In several works of Martin Bridson there is a definition of an asynchronously combable group. It looks like this is a rather convenient notion used for estimating Dehn functions, for proving that groups are automatic and for other things. It is only natural to ask how should a group look like if it is so 'bad' that it is not even asynchronously combable? Here are the relevant definitions.
Let $\Gamma$ be a group with finite generating set $\mathcal A$ and $d(x,y)$ be the associated word metric. A combing (normal form) for $\Gamma$ is a set of words $\{\sigma_\gamma\mid\gamma\in\Gamma\}$ in the letters $\mathcal A^\pm$ such that $\sigma_\gamma=\gamma$ in $\Gamma$. Let $$ R=\{\rho\colon\mathbb N\to\mathbb N\mid\rho(0)=0;\,\rho(n+1)\in\{\rho(n),\rho(n)+1\}\,\forall n;\,\rho\text{ unbounded }\}. $$ Given eventually constant paths in the Cayley graph $p_1,p_2\colon\mathbb N\to(\Gamma,d)$ we define $$ D(p_1,p_2)=\min_{\rho,\rho'\in R}\big\{\max_{t\in\mathbb N}\{d(p_1(\rho(t)),p_2(\rho'(t))\}\big\}. $$ Given a combing $\sigma$ for $\Gamma$, the asynchronous width of $\sigma$ is the function $\Phi_\sigma\colon \mathbb N\to\mathbb N$ defined by $$ \Phi_\sigma(n)=\max\{D(\sigma_g,\sigma_h)\mid d(1,g),d(1,h)\leq n;\,d(g,h)=1\}. $$ Here we treat words $\sigma_g$ as paths in the Cayley graph, by continuously extending the graph distance function $d$, which gives all edges length $1$, and assuming that the path $\sigma_g(t)$ is constantly equal to $g$ for $t>\operatorname{length}_{\mathcal A^\pm}(\sigma_g)$.

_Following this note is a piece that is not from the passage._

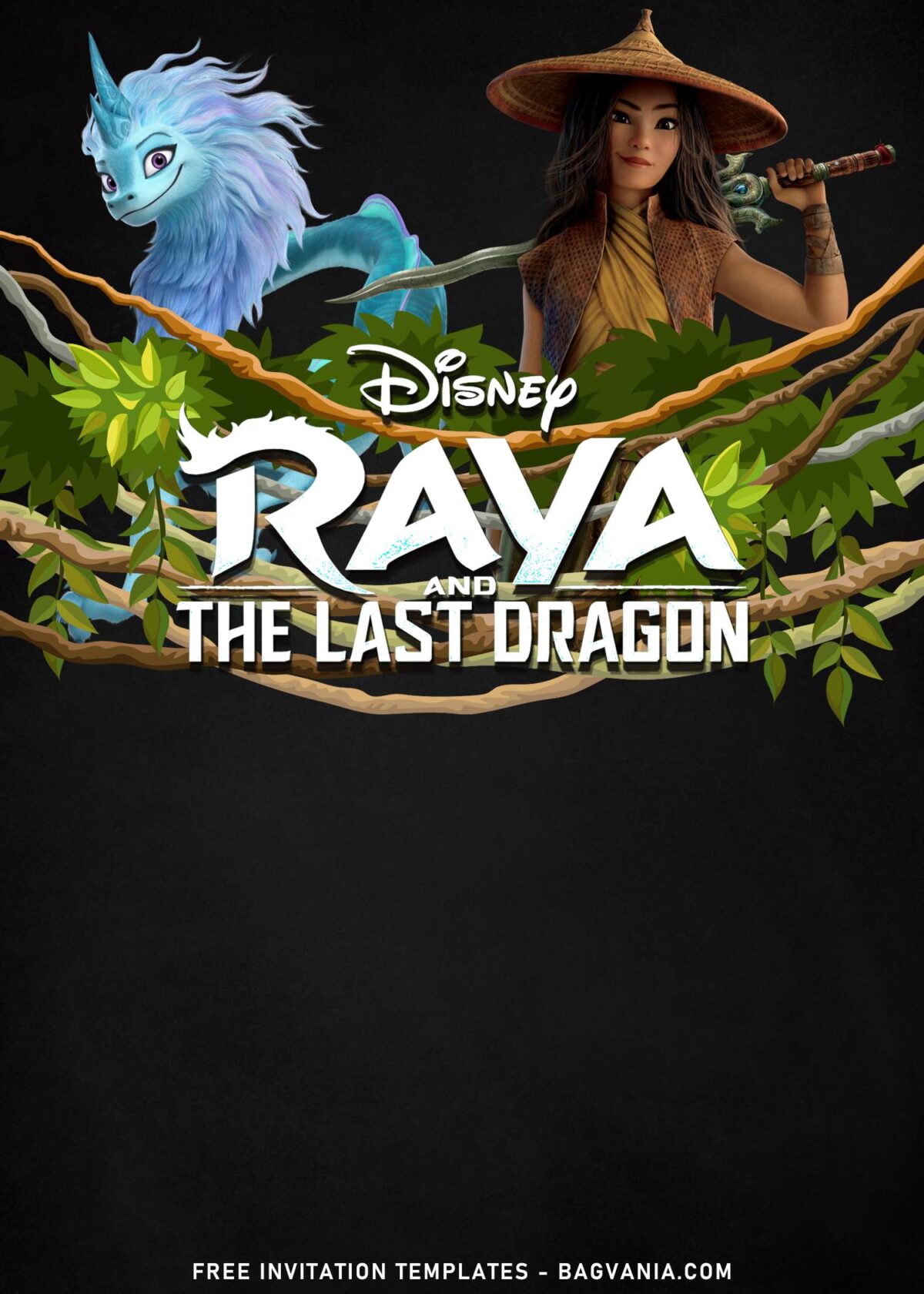8+ Summer Best Disney Raya Birthday Invitation Templates with Sisu the last dragon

A finitely generated group $\Gamma$ is said to be asynchronously combable if there exists a combing $\sigma$ for $\Gamma$ and a constant $K>0$ such that $\Phi_\sigma(n)\leq K$ for all $n\in\mathbb N$.
The question now is: what is a simple example of a finitely presented group for which the asynchronous width function $\Phi_\sigma(n)$ is unbounded?